- [What the task requires]: Please reproduce the records below exactly, omitting any pictures they contain.

- [Task input]:
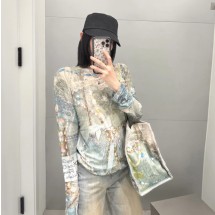 아크네 스튜디오 롱 슬리브 프린트 티셔츠 블루 멀티 CL0389-ALD  H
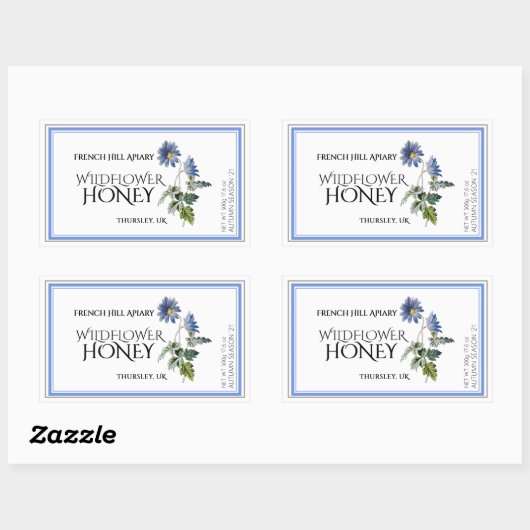 Blue Wildblume Honey Label (Datum geerntet) Aster Rechteckiger Aufkleber (Blatt)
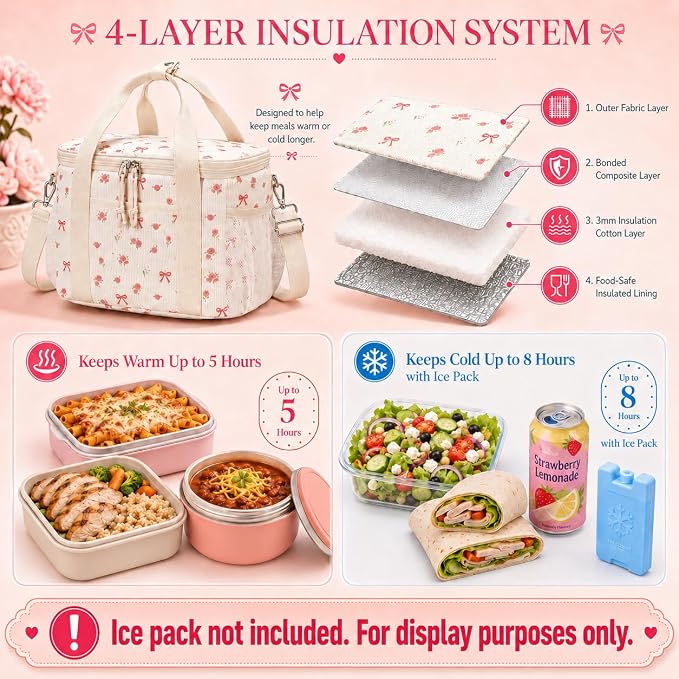 BTOOP Insulated Lunch Box for Women, Cute Leakproof Lunch Tote, Large Capacity Aesthetic Lunch Bag Girls with Shoulder Strap for Work, School, Picnic Pink Bow Floral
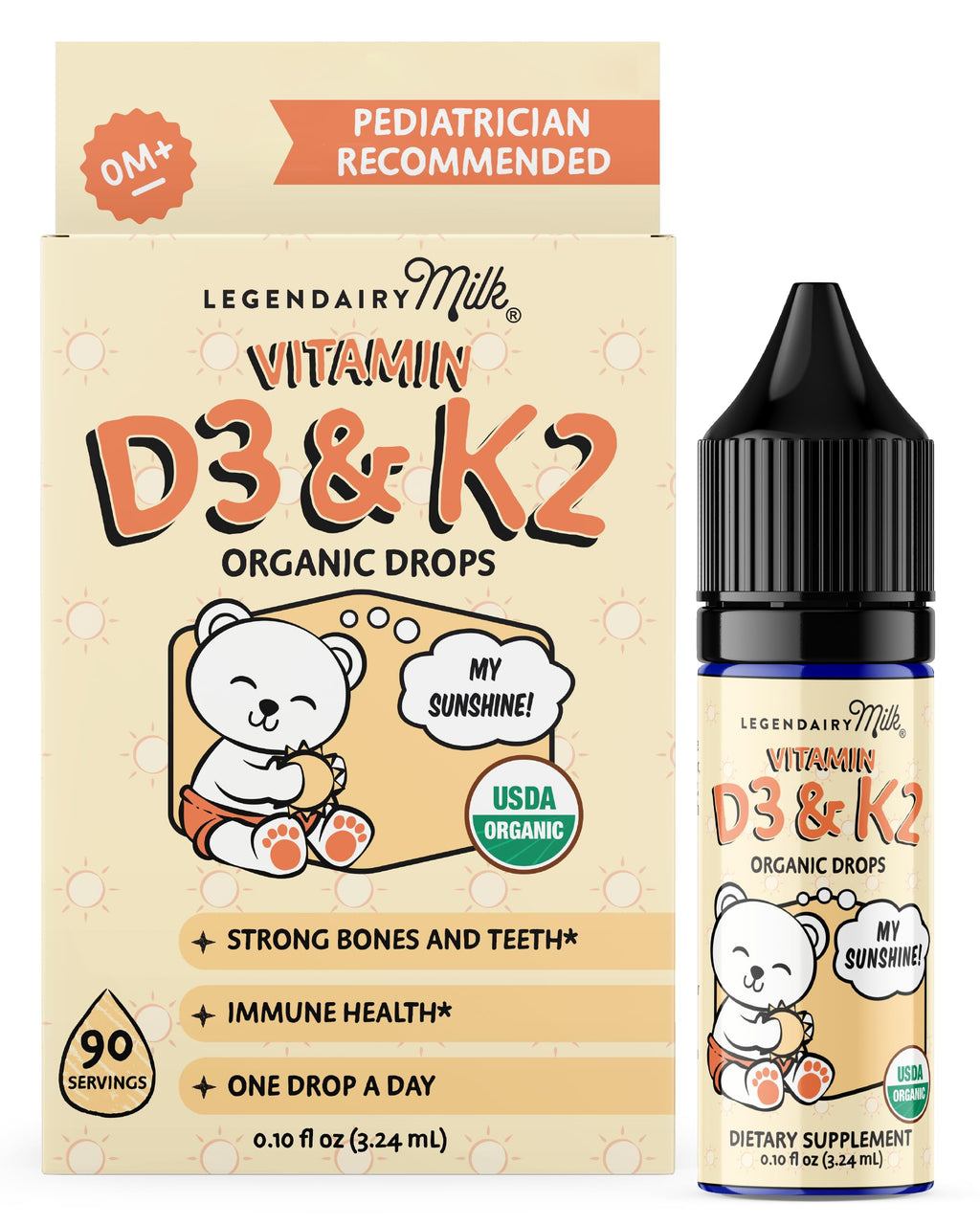 Legendairy Milk Vitamin D Drops for Infants, Organic Baby Vitamin D3 K2 Liquid 400 IU, Vegan for Newborns Toddlers & Kids, Childrens Supplement for Strong Bones & Teeth, Sugar Free, 90 Servings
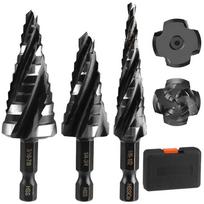 3 Piece Set Step Drill Bit 5 Piece Set Bearing Steel Four Slot Expansion Drill Stainless Steel Four Spiral Flute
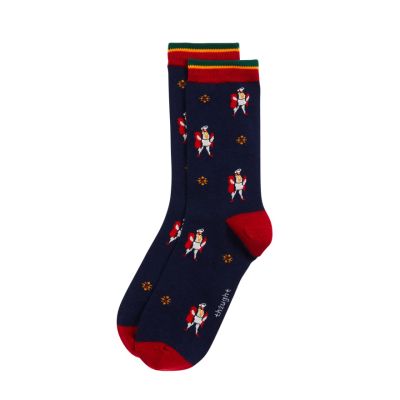 Henry VIII Pair of Socks - A navy blue pair of socks featuring images of Henry VIII.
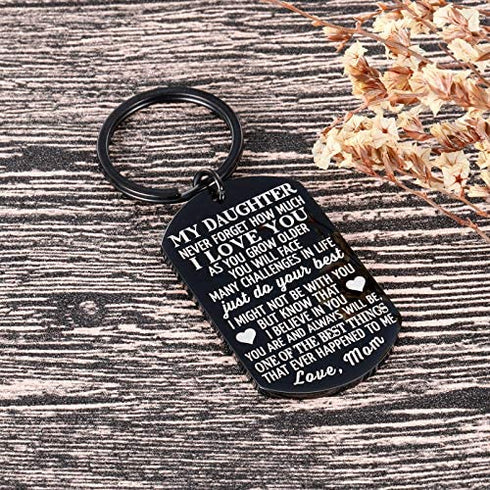 to My Daughter Keychain Christmas Gifts for Daughter from Mom Dad Father Inspirational Stocking Stuffers for Her from Teen Adult Women Teenage Girls Kids Birthday Gradation Wedding Presents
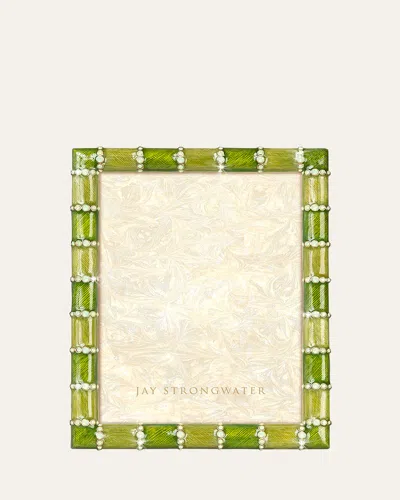 Jay Strongwater Striped Frame, 5" X 7" In Green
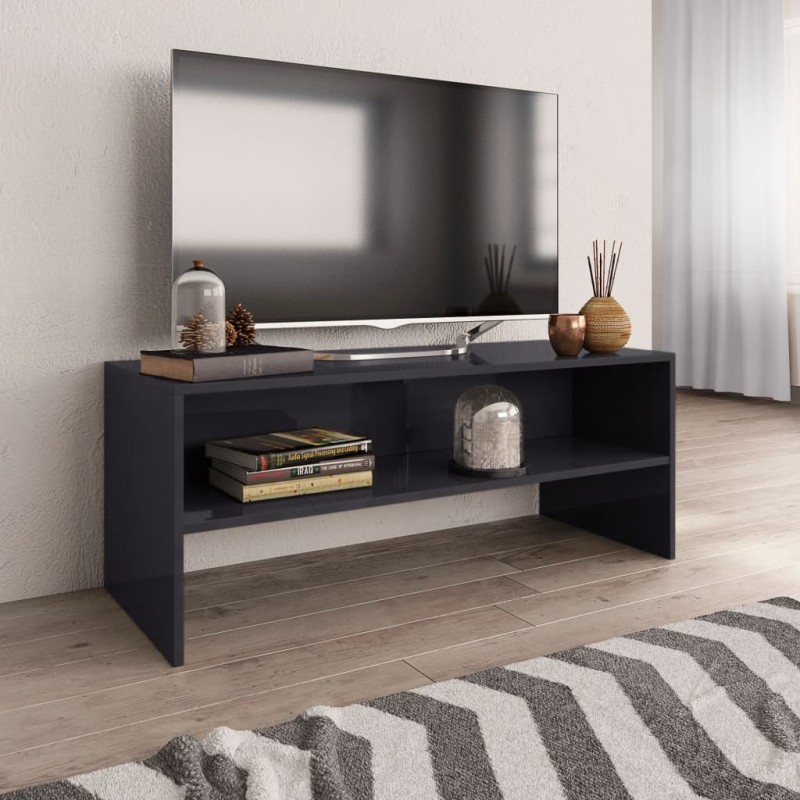 Móvel para TV 100x40x40cm derivados de madeira cinza brilhante-Móveis de TV-Home Retail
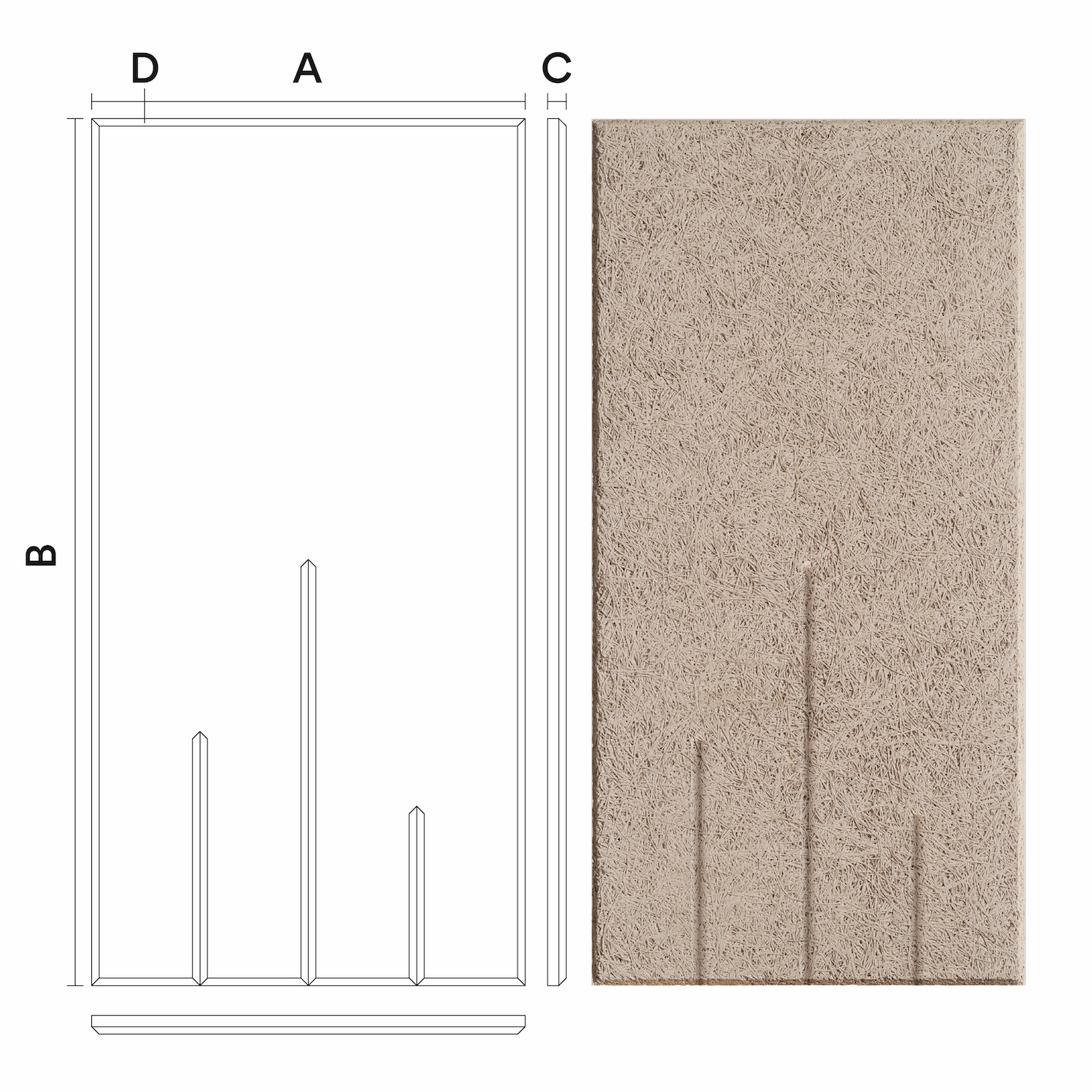 Wood Wool Bars. Panel and skiss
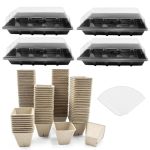 Jopy 4 Pack Seed Starter Tray Kit For Indoor Outdoor Garden Seeding Plastic Germination Trays With 120 Square Seed Peat Pots For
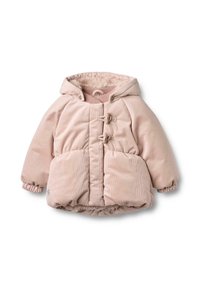 Różowa kurtka z sztruksu z kapturem, posiadająca dwa zapięcia na troczki, elastyczne mankiety, kieszenie z przodu oraz miękką, futrzaną podszewkę.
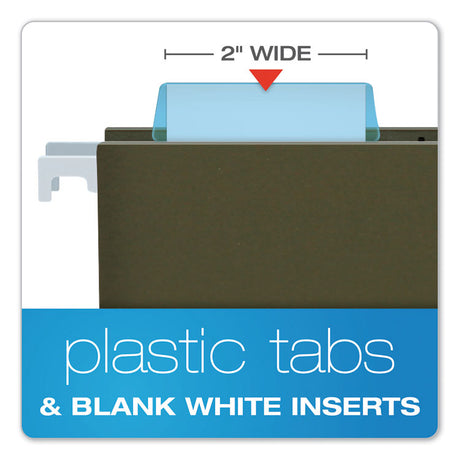 Transparent Colored Tabs For Hanging File Folders, 1/5-Cut, Blue, 2" Wide, 25/Pack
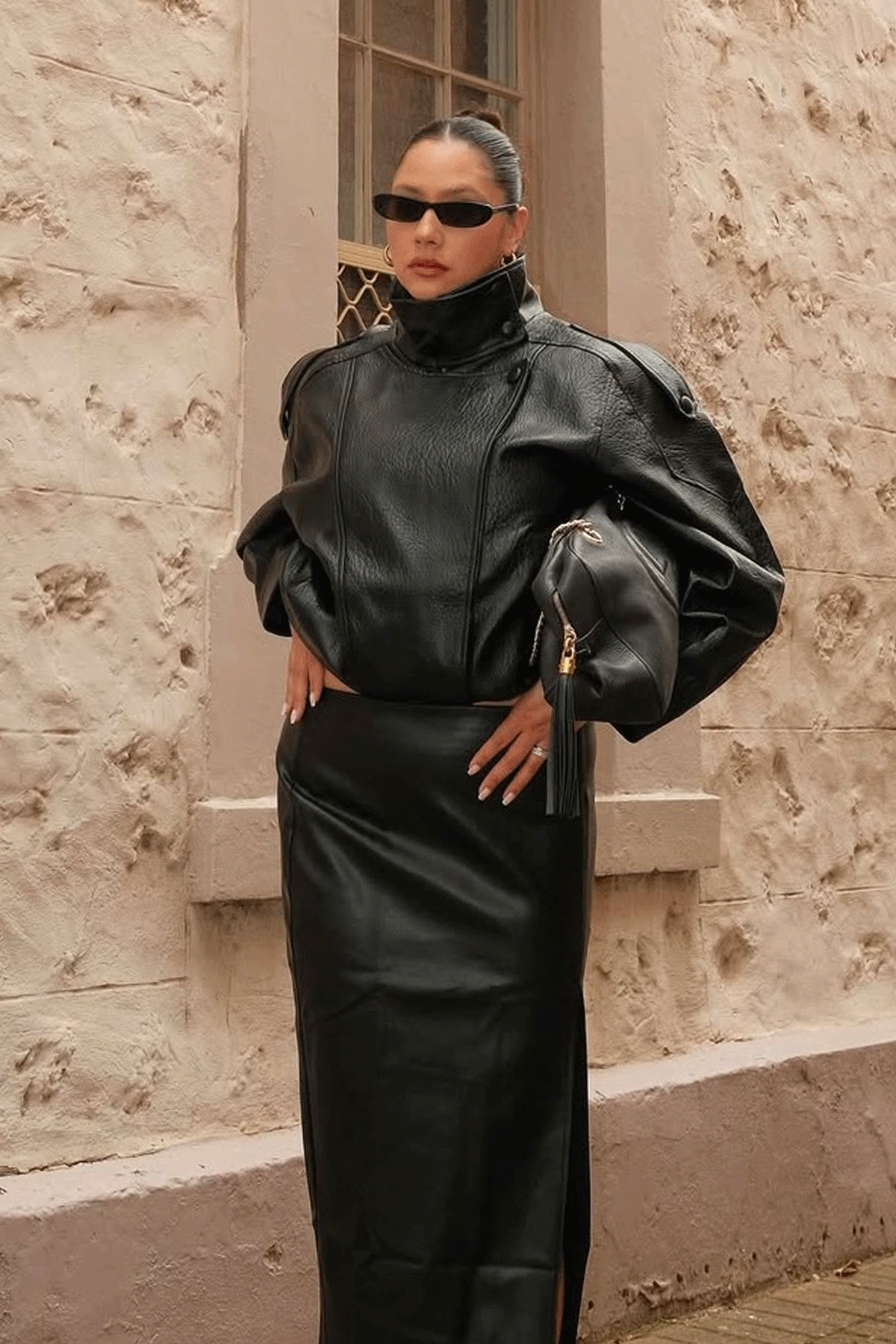 Bellarae High Neck Bomber Jacket Black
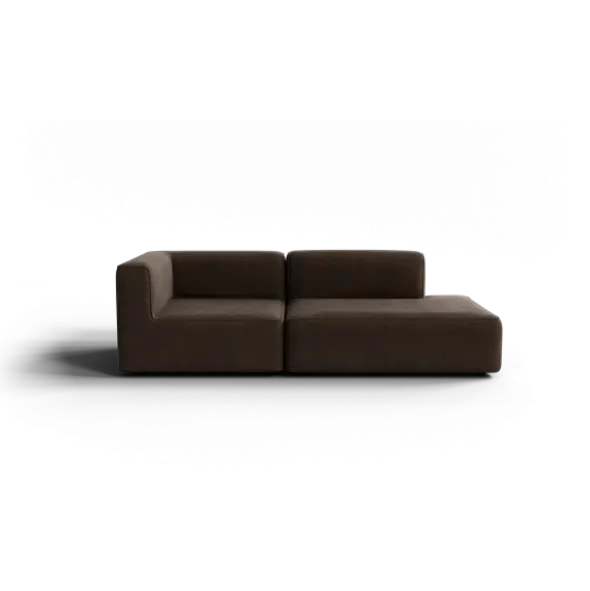 2-Sitzer Open End, rechts -TASI- Farbe Espresso - Stoff: kvadrat Moss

- [Exercise result]:
 아크네 스튜디오 롱 슬리브 프린트 티셔츠 블루 멀티 CL0389-ALD  H
 Blue Wildblume Honey Label (Datum geerntet) Aster Rechteckiger Aufkleber (Blatt)
 BTOOP Insulated Lunch Box for Women, Cute Leakproof Lunch Tote, Large Capacity Aesthetic Lunch Bag Girls with Shoulder Strap for Work, School, Picnic Pink Bow Floral
 Legendairy Milk Vitamin D Drops for Infants, Organic Baby Vitamin D3 K2 Liquid 400 IU, Vegan for Newborns Toddlers & Kids, Childrens Supplement for Strong Bones & Teeth, Sugar Free, 90 Servings
 3 Piece Set Step Drill Bit 5 Piece Set Bearing Steel Four Slot Expansion Drill Stainless Steel Four Spiral Flute
 Henry VIII Pair of Socks - A navy blue pair of socks featuring images of Henry VIII.
 to My Daughter Keychain Christmas Gifts for Daughter from Mom Dad Father Inspirational Stocking Stuffers for Her from Teen Adult Women Teenage Girls Kids Birthday Gradation Wedding Presents
 Jay Strongwater Striped Frame, 5" X 7" In Green
 Móvel para TV 100x40x40cm derivados de madeira cinza brilhante-Móveis de TV-Home Retail
 Wood Wool Bars. Panel and skiss
 Jopy 4 Pack Seed Starter Tray Kit For Indoor Outdoor Garden Seeding Plastic Germination Trays With 120 Square Seed Peat Pots For
 Różowa kurtka z sztruksu z kapturem, posiadająca dwa zapięcia na troczki, elastyczne mankiety, kieszenie z przodu oraz miękką, futrzaną podszewkę.
 Transparent Colored Tabs For Hanging File Folders, 1/5-Cut, Blue, 2" Wide, 25/Pack
 Bellarae High Neck Bomber Jacket Black
 2-Sitzer Open End, rechts -TASI- Farbe Espresso - Stoff: kvadrat Moss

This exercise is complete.